Material for this exercise:
━━━━━━
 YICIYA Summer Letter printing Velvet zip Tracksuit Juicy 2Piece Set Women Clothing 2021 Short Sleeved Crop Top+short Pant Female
━━━━━━
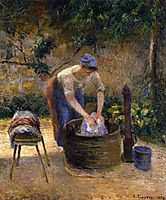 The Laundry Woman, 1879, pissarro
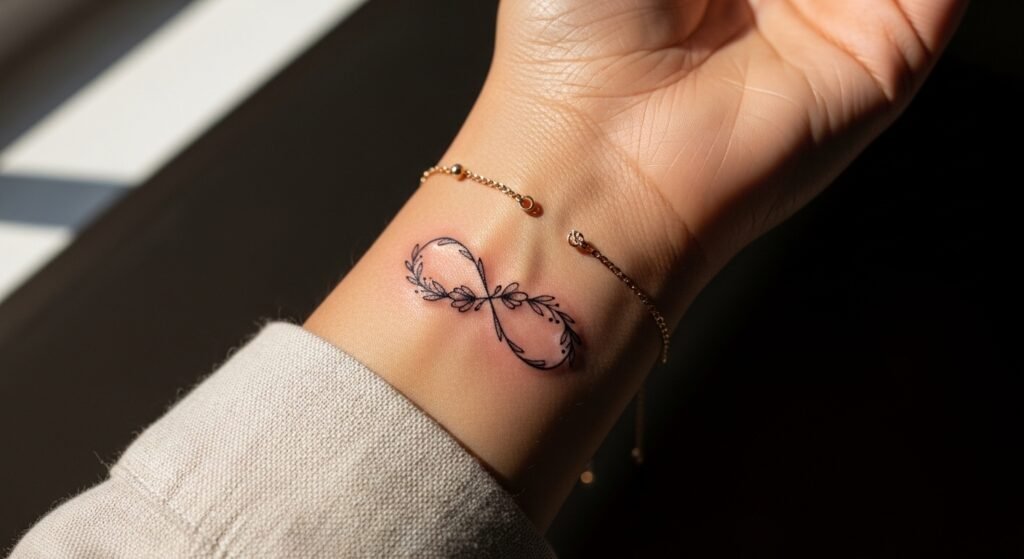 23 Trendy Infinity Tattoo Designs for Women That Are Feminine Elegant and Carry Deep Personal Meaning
━━━━━━
Exercise aim:
Transcribe exactly the lines above, beginning at the one with "The Laundry Woman, 1879, pissarro" and going up to and including the one with "23 Trendy Infinity". Pictures do not belong in the copy.

Answer below:
 The Laundry Woman, 1879, pissarro
 23 Trendy Infinity Tattoo Designs for Women That Are Feminine Elegant and Carry Deep Personal Meaning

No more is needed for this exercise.